* Exercise aim *
Below this line are records; transcribe exactly the lines between the one holding "The Beverly Hills Hotel by vibold" and the one holding "map of restaurants, bars, coffee", inclusive, and omit the pictures.

* Data excerpts *

Content starts

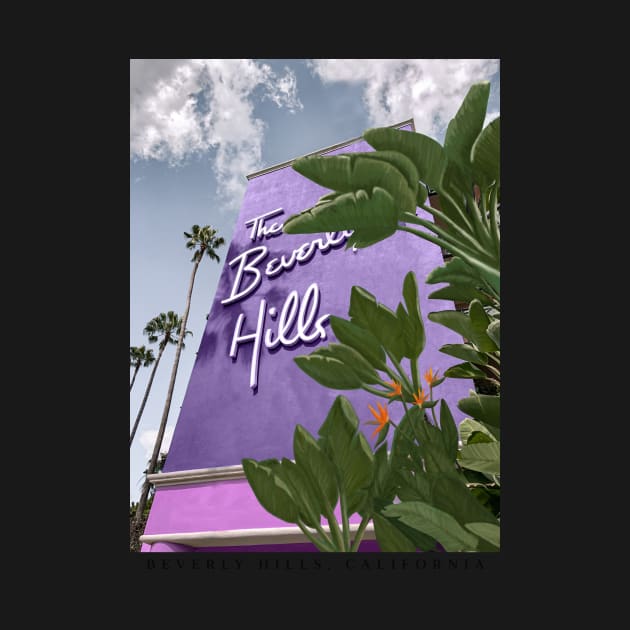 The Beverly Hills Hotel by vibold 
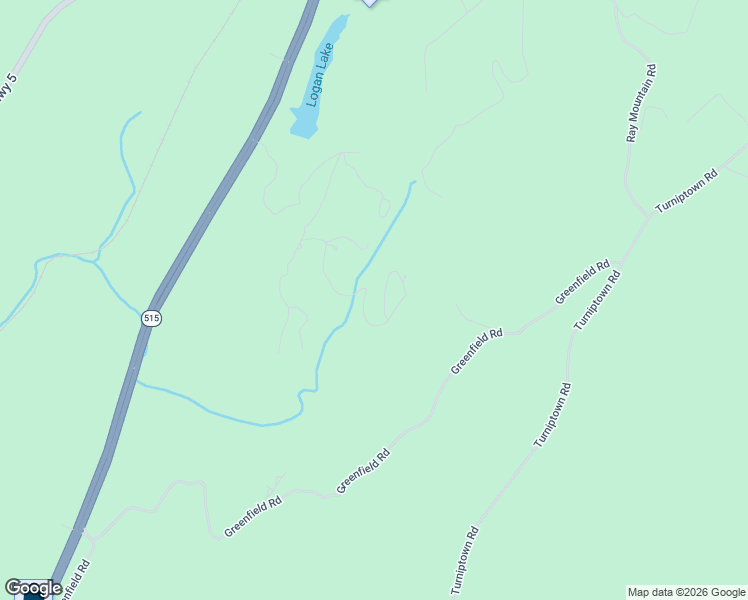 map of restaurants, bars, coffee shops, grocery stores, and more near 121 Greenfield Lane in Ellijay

Content ends
Content starts

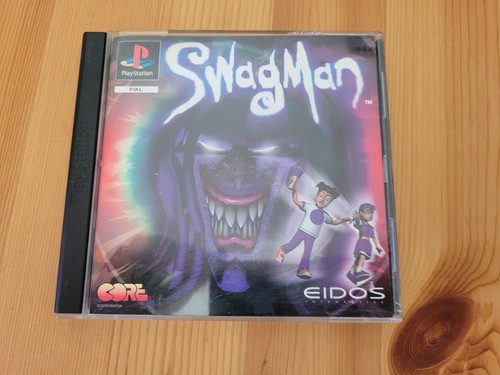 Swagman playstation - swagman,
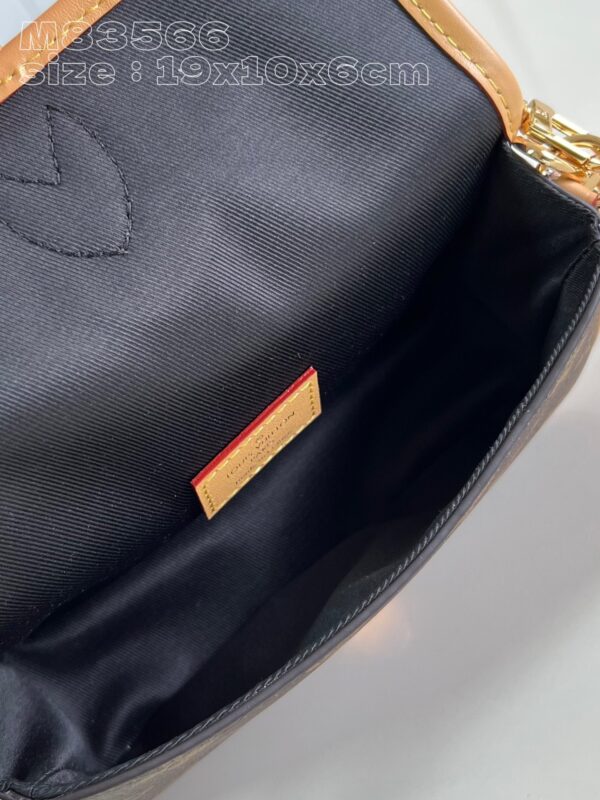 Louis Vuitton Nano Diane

Content ends

* Output for this task *
 The Beverly Hills Hotel by vibold 
 map of restaurants, bars, coffee shops, grocery stores, and more near 121 Greenfield Lane in Ellijay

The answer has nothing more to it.